A lot of people I know are struggling with the same issue, although in a different kind of way. It seems these days that a lot of people have grown uncomfortable with the Bible they once held in their hands. The pull of modern culture and the demands of being relevant have forced many to look for truth and moral direction in other places. Feeling the pressure of societal acquiescence, pluralistic thought, and even political agenda has forced many to shelve their Bibles with the thought, “It was certainly good for a while, but not anymore. It’s too outdated and too restrictive for this day and age.” I beg to differ.
What becomes outdated and out-of-touch is not the truth of Scripture, but rather our limited interpretations of it. Rather than read the Bible with fresh eyes, open minds, and compassionate hearts, we dive into the text looking for a proof text to justify some judgmental ideology, a club to beat up some wayward sinner, or a verse to help us claim moral superiority over those whose opinions and thoughts don’t align with those of our own. What we have forgotten is that we go to the Scriptures to discover the love, grace, and redemption of our Savior, not to justify our stances. It is almost as though we would rather change what the Bible says, than be changed by the Bible.

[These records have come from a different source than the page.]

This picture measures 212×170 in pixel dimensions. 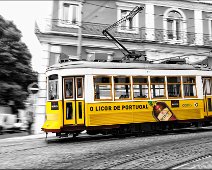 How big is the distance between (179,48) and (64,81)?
10522mm

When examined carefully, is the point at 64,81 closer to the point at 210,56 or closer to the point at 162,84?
the point at 162,84

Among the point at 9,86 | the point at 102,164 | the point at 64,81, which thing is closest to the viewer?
the point at 102,164

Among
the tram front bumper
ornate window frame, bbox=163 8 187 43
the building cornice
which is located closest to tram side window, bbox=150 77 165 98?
the tram front bumper

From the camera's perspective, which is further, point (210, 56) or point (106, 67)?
point (210, 56)

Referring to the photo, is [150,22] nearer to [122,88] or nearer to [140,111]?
[122,88]

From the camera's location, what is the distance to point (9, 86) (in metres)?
22.8

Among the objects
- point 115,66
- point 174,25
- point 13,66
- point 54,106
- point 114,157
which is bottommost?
point 114,157

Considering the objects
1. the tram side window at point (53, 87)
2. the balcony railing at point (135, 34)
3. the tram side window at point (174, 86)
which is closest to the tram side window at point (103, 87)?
the tram side window at point (53, 87)

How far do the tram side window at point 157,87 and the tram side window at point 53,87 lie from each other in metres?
3.96

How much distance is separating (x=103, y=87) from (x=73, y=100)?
4.26 ft

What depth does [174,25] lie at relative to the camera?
19734mm

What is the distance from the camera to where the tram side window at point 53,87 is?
10.8m

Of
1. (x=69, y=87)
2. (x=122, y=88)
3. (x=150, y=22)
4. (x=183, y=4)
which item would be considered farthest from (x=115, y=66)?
(x=183, y=4)

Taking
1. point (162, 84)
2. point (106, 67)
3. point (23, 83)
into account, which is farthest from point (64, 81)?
point (23, 83) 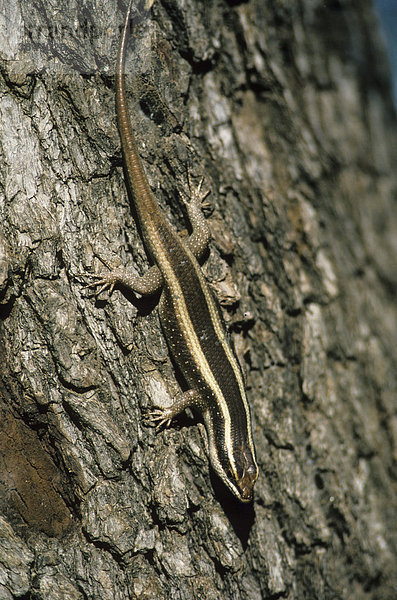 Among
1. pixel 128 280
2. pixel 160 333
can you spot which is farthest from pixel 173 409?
pixel 128 280

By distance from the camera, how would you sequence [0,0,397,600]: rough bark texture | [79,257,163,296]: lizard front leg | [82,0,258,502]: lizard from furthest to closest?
[82,0,258,502]: lizard < [79,257,163,296]: lizard front leg < [0,0,397,600]: rough bark texture

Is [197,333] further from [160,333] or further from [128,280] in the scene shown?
[128,280]

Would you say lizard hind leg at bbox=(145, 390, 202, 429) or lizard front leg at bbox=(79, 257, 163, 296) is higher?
lizard front leg at bbox=(79, 257, 163, 296)

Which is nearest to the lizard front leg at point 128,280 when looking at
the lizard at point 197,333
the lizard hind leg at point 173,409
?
the lizard at point 197,333

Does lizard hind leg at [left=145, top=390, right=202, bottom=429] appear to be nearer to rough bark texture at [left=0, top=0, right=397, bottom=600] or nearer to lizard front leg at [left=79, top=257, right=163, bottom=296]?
rough bark texture at [left=0, top=0, right=397, bottom=600]

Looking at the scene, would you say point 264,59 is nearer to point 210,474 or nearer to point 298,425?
point 298,425

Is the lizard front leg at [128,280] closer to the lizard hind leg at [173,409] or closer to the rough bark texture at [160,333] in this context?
the rough bark texture at [160,333]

Whether I like it or not the Bible says these things: Love all of your neighbors, care for widows and orphans in their time of distress, welcome the sojourner to your land, pray for your government leaders, turn your cheek to your enemy who strikes you, pursue justice, end hatred, embrace mercy, feed the poor, clothe the naked, sell what you have and give to those in need, proclaim release to the captives, and set free those who are downtrodden. It does not say that it’s okay to sell your convictions for the sake political party alignment. It does not condone the abuse of women. It does not look the other way at crude and course conversation. It does not marginalize immigrants or promote racial superiority. It does not applaud greed. It does not celebrate infidelity. It does not give approval to deception.
So if you are looking for a Bible with which to destroy your opponents, justify hatred, sanction prejudice, or promote avarice, you won’t find it. The Bible you are looking for simply does not exist. The only one you will find will demand that you, “Love the Lord your God with all your heart and with all your soul and with all your strength and with all your mind; and, Love your neighbor as yourself.” (Luke 10:27) Maybe it is not a new Bible you need, but more time to read the old one.